I wrote this on April 1, but decided to hold off publishing until April 2, lest anyone dismiss this as an April Fools Joke. It’s anything but.
Back at the beginning of last month, I posted a diary We Are On An Information War Battlefield And Most of Us Don’t Even Know It. It was an alarming look at how we are being bombarded with disinformation deliberately tailored to influence us — and it’s not just over politics now.
Over at Digby’s Place, Spocko reports that sock puppets are showing up on Facebook and who knows where else. He’d been away on a trip, and when he started checking in on what happened with AHCA, he found…
Example: When I returned I read a story from NBC's Lester Holt on Facebook. It was shared by a friend. I was going to start replying to one of the commenters I knew. He was using a flawed premise with an Ayn Randian worldview. But since he does respond to facts and proof I did some research first. That's when I found dozens of "people" making the same type of comments.
Now this happens a lot when people are exposed to a steady diet of right-wing crap, but I noticed something different about these comments. The commenters were all pushing ideas that specifically benefited healthcare insurance companies. More research revealed 100's of similar accounts, making the same kind of comments, spread out over 5 months in the comments sections of various publications and websites. I had stumbled across a sockpuppet campaign for the healthcare insurance companies.
Doesn’t take long, does it? Something works, others pick up on it.
If I understand correctly, this is the kind of thing the Russians have been alleged to have done to influence voters in the U.S. presidential campaign. There were reports that voter lists were hacked. While there’s no reports that voting machines were hacked to change vote counts, what I have heard is that those lists were used to map demographics, the better to construct sock puppets targeting voters. Sanders supporters were among those targeted with tailored posts.
Let’s connect some dots.
As I noted back on March 6, I picked up on some troubling reports in The Guardian on Cambridge Analytics, Breitbart, and others. The gist of the article was that technology was being used to analyse people’s posts on social media and elsewhere, create profiles of them, and use that to develop targeted messages designed to covertly influence them. While sock puppets were not specifically mentioned, it would seem obvious that if you’re going to create an army of sock puppets, what Cambridge Analytica claims it can do is exactly how you’d tailor those puppets to go after your targets.
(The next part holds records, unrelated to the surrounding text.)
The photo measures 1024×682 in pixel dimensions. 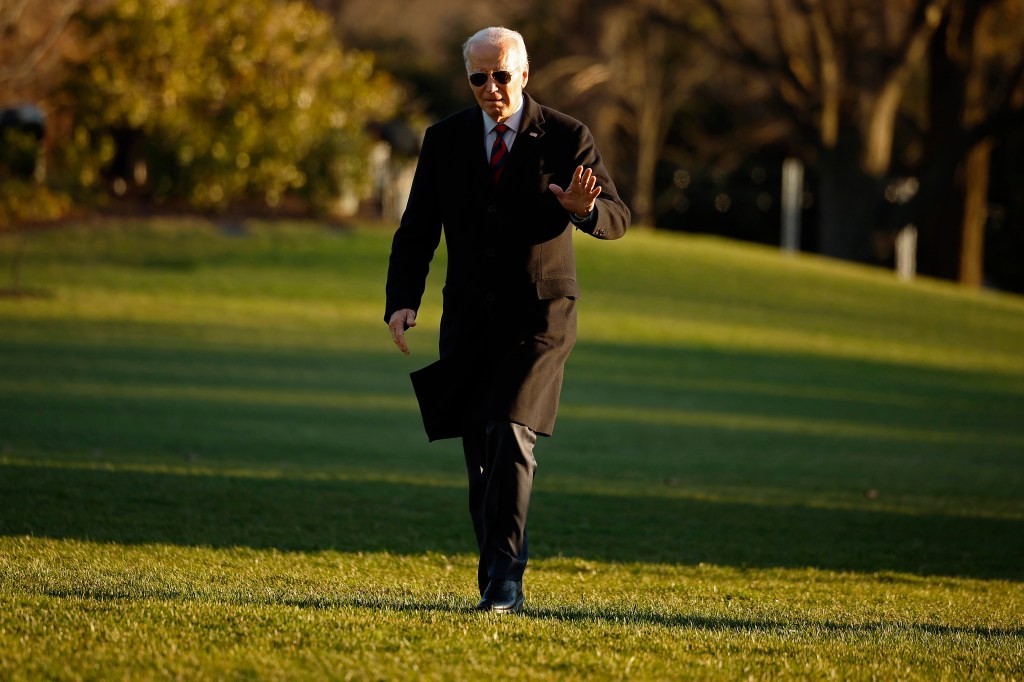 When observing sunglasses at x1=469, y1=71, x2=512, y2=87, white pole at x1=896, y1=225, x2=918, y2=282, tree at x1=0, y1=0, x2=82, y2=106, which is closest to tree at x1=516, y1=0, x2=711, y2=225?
white pole at x1=896, y1=225, x2=918, y2=282

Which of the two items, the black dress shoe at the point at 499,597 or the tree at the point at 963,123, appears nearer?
the black dress shoe at the point at 499,597

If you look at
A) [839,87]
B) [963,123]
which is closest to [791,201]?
[839,87]

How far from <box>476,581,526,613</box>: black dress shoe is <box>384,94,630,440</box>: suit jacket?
616mm

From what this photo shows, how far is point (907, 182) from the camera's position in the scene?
4256cm

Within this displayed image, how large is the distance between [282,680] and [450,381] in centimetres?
173

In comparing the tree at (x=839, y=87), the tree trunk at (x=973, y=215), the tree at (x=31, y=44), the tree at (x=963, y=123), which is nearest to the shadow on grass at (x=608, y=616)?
the tree at (x=31, y=44)

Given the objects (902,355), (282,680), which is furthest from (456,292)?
(902,355)

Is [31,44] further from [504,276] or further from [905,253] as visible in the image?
[504,276]

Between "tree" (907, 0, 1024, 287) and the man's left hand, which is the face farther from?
"tree" (907, 0, 1024, 287)

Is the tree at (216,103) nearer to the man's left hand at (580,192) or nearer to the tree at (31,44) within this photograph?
the tree at (31,44)

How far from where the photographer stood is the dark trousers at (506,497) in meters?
5.47

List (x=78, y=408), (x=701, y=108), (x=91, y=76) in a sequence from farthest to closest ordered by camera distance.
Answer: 1. (x=701, y=108)
2. (x=91, y=76)
3. (x=78, y=408)

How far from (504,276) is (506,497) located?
856 mm

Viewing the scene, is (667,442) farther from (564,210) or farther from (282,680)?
(282,680) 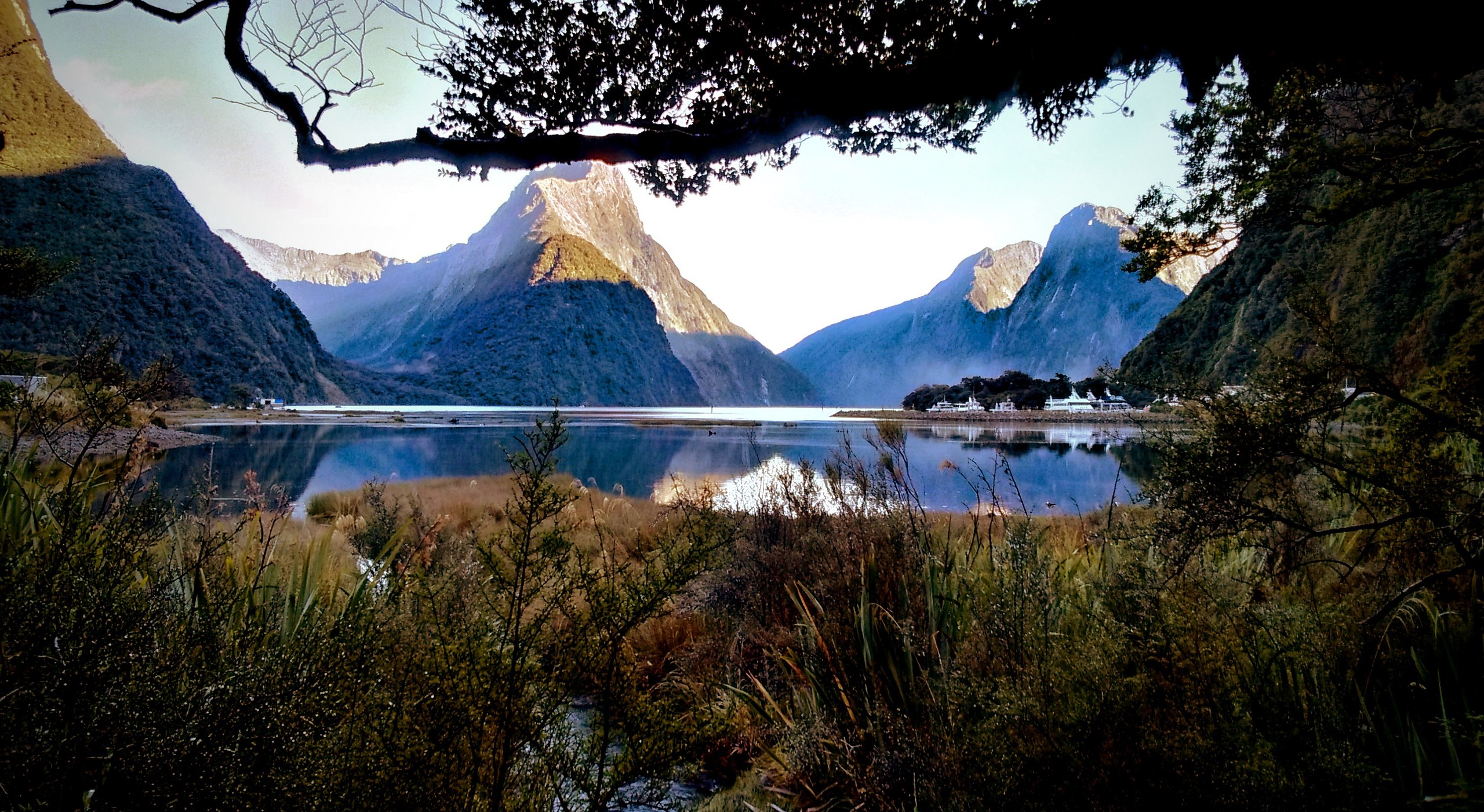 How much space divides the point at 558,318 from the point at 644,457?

Cambridge Analytica had worked for them, he said. It had taught them how to build profiles, how to target people and how to scoop up masses of data from people’s Facebook profiles. A video on YouTube shows one of Cambridge Analytica’s and SCL’s employees, Brittany Kaiser, sitting on the panel at Leave.EU’s launch event.
Facebook was the key to the entire campaign, Wigmore explained. A Facebook ‘like’, he said, was their most “potent weapon”. “Because using artificial intelligence, as we did, tells you all sorts of things about that individual and how to convince them with what sort of advert. And you knew there would also be other people in their network who liked what they liked, so you could spread. And then you follow them. The computer never stops learning and it never stops monitoring.”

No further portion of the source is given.